The Preservation Society of Charleston has been awarded a $50,000 grant to launch its “Mapping Charleston’s Black Burial Grounds” initiative, The Post and Courier reported Saturday. The African American Civil Rights Preservation Grant, courtesy of the National Park Service, aims to produce a comprehensive inventory of the lost and overlooked Black burial grounds within the city. 

Black burial grounds in Charleston, South Carolina, will soon get the long-overdue care and protection that they need. (Photo: AdobeStock.com)

There are many Black cemeteries scattered throughout Charleston, and the Heriot Street cemetery, in particular, holds the remains of more than 2,000 African Americans buried there between 1865 and 1965. According to The Post and Courier, many burial grounds “have been paved over, built upon, dug up, obscured or belittled by unscrupulous developers and those who stand to gain something at the expense of the dead.”

The Preservation Society of Charleston plans to create a centralized database of burial sites that deserve protection.

Per the PSC, “each burial site is a significant place of remembrance that conveys important truths of the American story and the stories of those who built our city. Yet because these sites are underrepresented in traditional historic surveys and, in many cases, undocumented, they are highly vulnerable to development pressures. Due to recent, unprecedented growth, Charleston is now challenged to recognize and ensure protections for these sites before they are lost.”

The Daniel Island News wrote last week that in her letter of support for PSC’s grant application, Dr. Tonya M. Matthews, president and CEO of the International African American Museum, maintained that the museum shared “the PSC’s vision to create strategy and structure to engage community such that members of Charleston’s African American communities are not only beneficiaries of this project, but creators and drivers of it.”

The city previously made efforts to protect cemeteries from being desecrated or destroyed via the gravesite protection ordinance that was passed last September. 

The main goals of the PSC’s two-year project are to determine the boundaries and contents of Black burial grounds so the city can use the data as a planning and preservation tool.

“We cannot understate the significance of this award and extend a heartfelt congratulations to the Preservation Society of Charleston on this momentous achievement,” said Jessica Knuff, president of the Daniel Island Historical Society.

“We look forward to the important work that will be done to document and study these sacred burial grounds — not only on the Cainhoy peninsula, but all across the Charleston region,” Knuff added. “Those laid to rest in these hallowed places are worthy of our attention and our respect.
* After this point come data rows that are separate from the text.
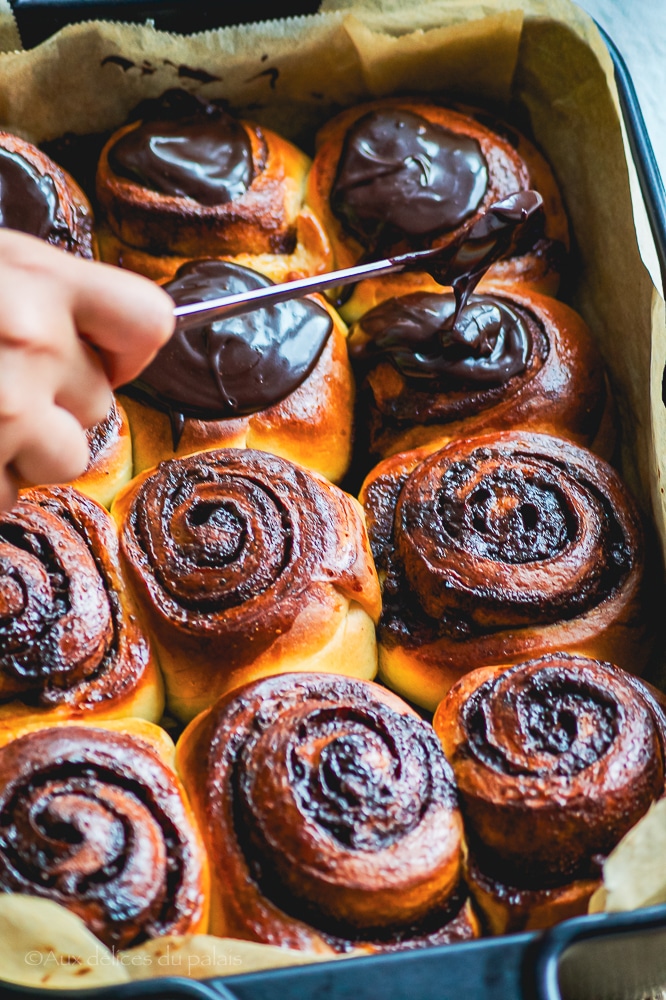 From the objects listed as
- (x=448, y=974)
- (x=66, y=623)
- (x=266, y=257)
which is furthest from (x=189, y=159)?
(x=448, y=974)

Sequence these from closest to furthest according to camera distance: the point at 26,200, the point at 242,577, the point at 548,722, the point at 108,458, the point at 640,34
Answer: the point at 548,722, the point at 242,577, the point at 108,458, the point at 26,200, the point at 640,34

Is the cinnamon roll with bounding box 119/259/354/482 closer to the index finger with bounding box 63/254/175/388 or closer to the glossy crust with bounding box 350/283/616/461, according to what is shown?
the glossy crust with bounding box 350/283/616/461

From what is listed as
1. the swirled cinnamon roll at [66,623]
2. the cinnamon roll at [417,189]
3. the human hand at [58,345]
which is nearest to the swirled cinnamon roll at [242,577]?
the swirled cinnamon roll at [66,623]

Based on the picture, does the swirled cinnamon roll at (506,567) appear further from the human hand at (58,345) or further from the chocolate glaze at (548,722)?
the human hand at (58,345)

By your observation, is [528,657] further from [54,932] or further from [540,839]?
[54,932]

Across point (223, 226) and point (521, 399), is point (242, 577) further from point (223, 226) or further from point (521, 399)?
point (223, 226)

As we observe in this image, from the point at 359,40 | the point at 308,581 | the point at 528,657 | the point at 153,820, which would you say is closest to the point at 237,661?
the point at 308,581

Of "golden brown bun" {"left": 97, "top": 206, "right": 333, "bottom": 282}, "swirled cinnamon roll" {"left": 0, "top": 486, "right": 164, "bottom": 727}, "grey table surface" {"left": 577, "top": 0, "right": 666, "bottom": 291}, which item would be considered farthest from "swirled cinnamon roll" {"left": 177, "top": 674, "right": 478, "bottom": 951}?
"grey table surface" {"left": 577, "top": 0, "right": 666, "bottom": 291}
May this critical work shine a spotlight on their final resting places, many of them long forgotten and hidden, and give them the protection they so rightly deserve.”

“Together we recognize the urgent need for more data and information about African American burial sites to help inform land-use planning so as to avoid harmful impacts to gravesites, especially those which are unmarked,” Mayor John Tecklenburg wrote in a letter of support that accompanied the grant application. 
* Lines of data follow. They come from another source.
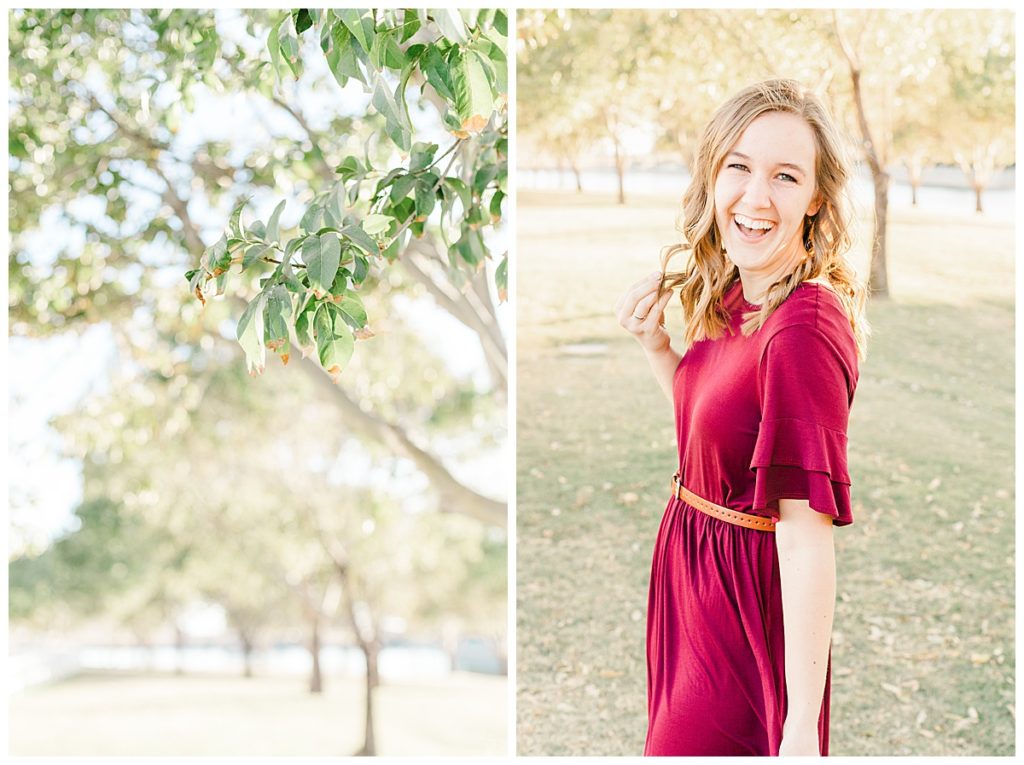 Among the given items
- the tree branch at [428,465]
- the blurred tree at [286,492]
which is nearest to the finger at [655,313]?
the tree branch at [428,465]

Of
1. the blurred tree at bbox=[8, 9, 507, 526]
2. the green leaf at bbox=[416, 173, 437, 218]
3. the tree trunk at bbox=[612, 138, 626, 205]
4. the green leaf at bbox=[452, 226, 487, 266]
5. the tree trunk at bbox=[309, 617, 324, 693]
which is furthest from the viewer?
the tree trunk at bbox=[309, 617, 324, 693]

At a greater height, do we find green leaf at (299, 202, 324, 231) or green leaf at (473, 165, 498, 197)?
green leaf at (473, 165, 498, 197)

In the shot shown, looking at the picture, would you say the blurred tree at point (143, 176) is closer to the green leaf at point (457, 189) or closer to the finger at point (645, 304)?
the green leaf at point (457, 189)

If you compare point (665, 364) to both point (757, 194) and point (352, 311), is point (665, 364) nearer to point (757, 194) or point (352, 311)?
point (757, 194)

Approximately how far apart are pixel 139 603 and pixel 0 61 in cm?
1385

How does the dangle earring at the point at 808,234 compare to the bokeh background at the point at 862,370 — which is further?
the bokeh background at the point at 862,370

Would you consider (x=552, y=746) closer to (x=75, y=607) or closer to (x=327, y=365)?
(x=327, y=365)

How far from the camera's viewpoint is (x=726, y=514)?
1285mm

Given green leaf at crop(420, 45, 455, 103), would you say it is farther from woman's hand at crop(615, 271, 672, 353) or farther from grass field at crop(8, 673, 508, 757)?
grass field at crop(8, 673, 508, 757)

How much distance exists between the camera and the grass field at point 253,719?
898cm

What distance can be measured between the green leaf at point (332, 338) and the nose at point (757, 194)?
530 mm

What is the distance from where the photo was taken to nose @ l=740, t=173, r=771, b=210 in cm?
125

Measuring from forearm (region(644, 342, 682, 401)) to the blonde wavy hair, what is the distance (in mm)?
75

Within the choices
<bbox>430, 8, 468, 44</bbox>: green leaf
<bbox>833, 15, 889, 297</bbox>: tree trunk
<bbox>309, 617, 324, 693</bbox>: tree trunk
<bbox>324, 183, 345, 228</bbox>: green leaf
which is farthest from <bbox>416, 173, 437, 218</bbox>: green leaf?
<bbox>309, 617, 324, 693</bbox>: tree trunk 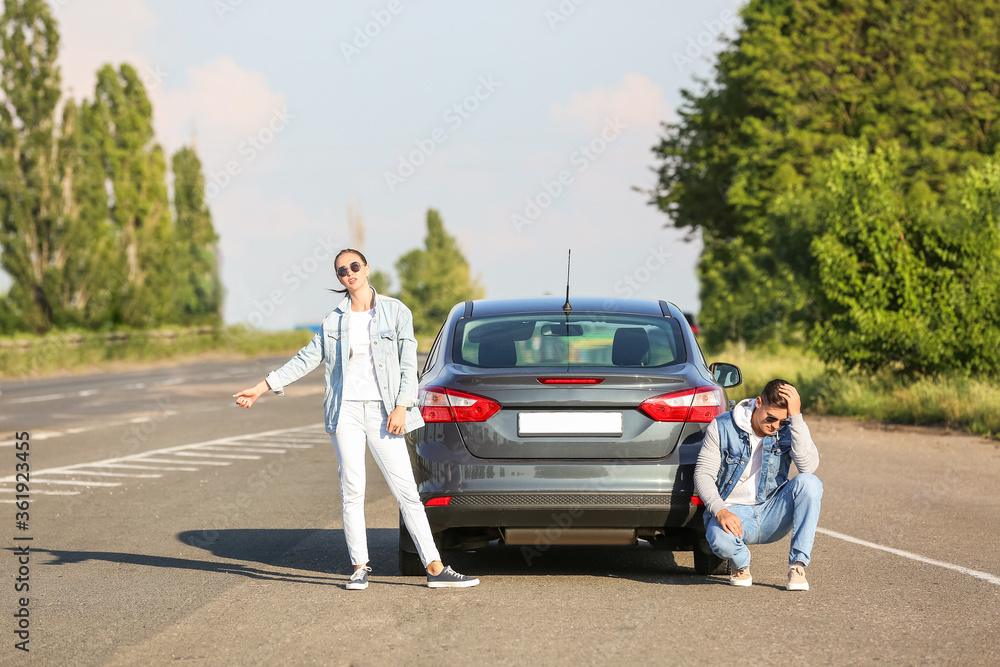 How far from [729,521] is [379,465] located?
1890 mm

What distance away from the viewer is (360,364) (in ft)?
21.4

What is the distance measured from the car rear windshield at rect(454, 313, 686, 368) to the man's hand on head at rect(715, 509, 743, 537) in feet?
3.15

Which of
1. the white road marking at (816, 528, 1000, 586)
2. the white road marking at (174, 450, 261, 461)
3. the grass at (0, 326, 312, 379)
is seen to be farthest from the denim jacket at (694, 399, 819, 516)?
the grass at (0, 326, 312, 379)

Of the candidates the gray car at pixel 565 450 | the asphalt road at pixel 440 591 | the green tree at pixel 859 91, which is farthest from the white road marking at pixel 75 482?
the green tree at pixel 859 91

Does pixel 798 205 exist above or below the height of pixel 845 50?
below

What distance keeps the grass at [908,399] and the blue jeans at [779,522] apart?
983 centimetres

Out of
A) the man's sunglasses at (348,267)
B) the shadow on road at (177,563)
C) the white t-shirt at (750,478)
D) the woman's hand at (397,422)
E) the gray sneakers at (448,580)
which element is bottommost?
the shadow on road at (177,563)

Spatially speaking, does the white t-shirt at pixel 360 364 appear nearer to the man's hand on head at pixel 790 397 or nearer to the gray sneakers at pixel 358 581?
the gray sneakers at pixel 358 581

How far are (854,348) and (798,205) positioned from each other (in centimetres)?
334

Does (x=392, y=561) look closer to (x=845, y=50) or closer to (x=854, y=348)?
(x=854, y=348)

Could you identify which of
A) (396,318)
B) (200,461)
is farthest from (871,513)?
(200,461)

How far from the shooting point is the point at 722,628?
5.63m

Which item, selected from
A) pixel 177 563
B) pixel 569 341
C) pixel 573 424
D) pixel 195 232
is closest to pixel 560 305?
pixel 569 341

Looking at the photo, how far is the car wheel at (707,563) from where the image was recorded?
6941 mm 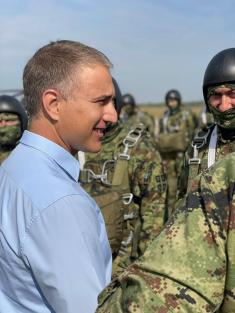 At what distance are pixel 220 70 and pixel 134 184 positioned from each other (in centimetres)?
110

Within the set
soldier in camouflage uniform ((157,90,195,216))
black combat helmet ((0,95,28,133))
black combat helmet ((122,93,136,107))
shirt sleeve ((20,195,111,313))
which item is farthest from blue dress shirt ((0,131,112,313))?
black combat helmet ((122,93,136,107))

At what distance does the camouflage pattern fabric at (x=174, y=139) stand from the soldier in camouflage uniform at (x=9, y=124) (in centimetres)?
562

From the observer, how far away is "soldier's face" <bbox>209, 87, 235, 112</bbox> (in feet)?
12.2

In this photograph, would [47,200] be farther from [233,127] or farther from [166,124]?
[166,124]

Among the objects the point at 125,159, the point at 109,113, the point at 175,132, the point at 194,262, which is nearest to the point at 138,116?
the point at 175,132

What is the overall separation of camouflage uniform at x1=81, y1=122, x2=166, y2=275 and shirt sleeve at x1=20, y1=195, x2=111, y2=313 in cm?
232

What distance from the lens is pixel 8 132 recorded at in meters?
5.02

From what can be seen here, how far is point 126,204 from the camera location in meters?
4.02

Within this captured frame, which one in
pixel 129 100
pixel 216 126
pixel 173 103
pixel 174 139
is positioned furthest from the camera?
pixel 129 100

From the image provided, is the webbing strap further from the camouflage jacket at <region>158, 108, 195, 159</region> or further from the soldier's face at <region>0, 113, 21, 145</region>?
the camouflage jacket at <region>158, 108, 195, 159</region>

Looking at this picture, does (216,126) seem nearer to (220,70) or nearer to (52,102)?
(220,70)

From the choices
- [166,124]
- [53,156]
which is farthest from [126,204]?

Preservation Society President and CEO Brian Turner said the NPS grant will be beneficial to city officials and preservationists to help “flag development proposals that could impact known cemeteries.”

The PSC’s efforts continue the work of Dr. Ade Ofunniyin, the late anthropologist, College of Charleston adjunct professor, and founder of The Gullah Society, who died in 2020.

Turner said he hopes the cemetery-mapping project leads to a larger community-driven effort to document the contributions of Black people in the region.

“Fundamentally, community engagement has to be part of the process,” Turner said. “We would be irresponsible if we didn’t lead with community dialogue to discern what the community wants.”